1. Errors and wranings are recorded as they are encountered
2. Errors and warnings are reported to the user at the point at which makes
most sense given the current processing context
3. Further processing subsequent to errors and warnings being reported is at
the discretion of the code doing the reporting

This sounds a little vague given the detail of the thread. So mapping to the
monitor code that is being developed....

1. Errors and warnings will be lodged with the monitor as problems as
processing continues. Exceptions won't be thrown. Processing here covers any
processing of user input, i.e. contributions and the artifacts they contain.

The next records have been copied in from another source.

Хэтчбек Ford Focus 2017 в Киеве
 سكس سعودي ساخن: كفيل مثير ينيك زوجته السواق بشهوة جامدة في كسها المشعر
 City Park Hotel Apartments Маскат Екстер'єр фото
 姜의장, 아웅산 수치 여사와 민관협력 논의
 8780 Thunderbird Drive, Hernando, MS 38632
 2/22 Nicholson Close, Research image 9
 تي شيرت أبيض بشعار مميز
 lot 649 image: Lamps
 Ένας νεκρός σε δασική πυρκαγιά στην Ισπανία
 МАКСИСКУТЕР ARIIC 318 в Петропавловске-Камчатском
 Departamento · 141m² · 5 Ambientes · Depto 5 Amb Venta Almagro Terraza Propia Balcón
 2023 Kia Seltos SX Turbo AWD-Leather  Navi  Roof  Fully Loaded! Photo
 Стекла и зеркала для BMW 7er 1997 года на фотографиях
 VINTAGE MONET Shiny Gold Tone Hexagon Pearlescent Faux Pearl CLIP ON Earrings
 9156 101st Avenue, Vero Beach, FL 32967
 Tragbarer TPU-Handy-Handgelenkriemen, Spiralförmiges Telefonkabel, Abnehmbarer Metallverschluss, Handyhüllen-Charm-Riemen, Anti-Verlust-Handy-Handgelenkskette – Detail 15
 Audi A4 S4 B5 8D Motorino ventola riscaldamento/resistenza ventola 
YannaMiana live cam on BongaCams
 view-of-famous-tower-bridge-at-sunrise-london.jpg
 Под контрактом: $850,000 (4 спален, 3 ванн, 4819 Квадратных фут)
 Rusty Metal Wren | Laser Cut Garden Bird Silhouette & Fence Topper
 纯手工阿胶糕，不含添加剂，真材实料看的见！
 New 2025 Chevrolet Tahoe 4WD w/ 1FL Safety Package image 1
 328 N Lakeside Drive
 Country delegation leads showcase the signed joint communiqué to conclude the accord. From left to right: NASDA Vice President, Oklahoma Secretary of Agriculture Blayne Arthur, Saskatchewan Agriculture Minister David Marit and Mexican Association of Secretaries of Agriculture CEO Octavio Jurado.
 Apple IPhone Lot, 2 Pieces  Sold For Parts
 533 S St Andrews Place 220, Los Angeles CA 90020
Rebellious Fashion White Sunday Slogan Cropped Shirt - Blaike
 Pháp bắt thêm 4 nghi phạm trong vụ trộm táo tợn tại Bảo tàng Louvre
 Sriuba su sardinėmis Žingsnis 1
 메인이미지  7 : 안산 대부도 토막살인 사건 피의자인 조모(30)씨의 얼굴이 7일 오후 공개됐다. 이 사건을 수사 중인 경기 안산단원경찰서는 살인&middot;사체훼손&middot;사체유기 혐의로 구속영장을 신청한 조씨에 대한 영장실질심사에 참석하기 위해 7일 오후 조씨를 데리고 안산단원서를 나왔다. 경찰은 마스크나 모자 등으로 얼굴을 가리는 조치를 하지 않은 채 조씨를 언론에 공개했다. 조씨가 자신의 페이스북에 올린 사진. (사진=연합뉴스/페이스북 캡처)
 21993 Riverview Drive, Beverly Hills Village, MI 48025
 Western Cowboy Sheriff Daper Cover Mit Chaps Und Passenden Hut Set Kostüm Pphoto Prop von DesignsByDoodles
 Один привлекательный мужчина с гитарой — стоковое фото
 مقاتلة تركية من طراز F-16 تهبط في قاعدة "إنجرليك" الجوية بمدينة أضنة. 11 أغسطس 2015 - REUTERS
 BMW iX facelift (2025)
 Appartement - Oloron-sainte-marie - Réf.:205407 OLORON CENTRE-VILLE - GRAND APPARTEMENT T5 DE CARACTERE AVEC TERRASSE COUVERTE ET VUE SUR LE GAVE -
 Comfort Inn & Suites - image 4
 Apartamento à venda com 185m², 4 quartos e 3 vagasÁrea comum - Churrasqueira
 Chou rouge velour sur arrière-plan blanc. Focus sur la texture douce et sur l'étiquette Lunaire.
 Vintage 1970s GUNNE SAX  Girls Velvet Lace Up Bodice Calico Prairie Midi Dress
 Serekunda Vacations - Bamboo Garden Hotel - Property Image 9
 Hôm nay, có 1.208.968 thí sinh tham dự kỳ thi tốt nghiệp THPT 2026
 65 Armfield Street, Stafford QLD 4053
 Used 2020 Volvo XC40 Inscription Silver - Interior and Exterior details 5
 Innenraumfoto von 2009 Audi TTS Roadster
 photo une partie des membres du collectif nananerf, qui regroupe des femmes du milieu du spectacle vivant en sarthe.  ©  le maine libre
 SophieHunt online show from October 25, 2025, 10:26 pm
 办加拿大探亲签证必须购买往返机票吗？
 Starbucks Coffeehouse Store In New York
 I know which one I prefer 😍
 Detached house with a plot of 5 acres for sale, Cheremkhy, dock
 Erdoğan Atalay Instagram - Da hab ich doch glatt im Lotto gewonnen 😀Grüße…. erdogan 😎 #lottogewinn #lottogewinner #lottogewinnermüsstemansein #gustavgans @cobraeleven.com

2. At some point a phase of processing will be complete, e.g. the
contribution has been read, the composite has been built etc.At this point
problems would be read from the monitor for display to the user. (currently
this will have already happened as our current monitor will just log errors
and warnings as it receives them but you can imagine more capable monitors)
3. The controlling logic may look at the errors and warnings it is reporting
to the user and prevent further processing occurring. Or it may allow
processing to continue. This  depends on which bit of processing we are
talking about and what errors have been reported.

Regards

Simon

I agree with the above as a basic framework.  The next step is
probably to agree on the default approach that Tuscany should
take for reporting errors and stopping processing when various
kinds of problems have occurred.

For example, by default:
Annotations that violate the SCA spec rules are detected when a
component's implementation is introspected as part of adding
a composite to the domain-level composite.  These errors are
reported by messages on System.err.  The "add" operation will
fail if any of these errors were detected.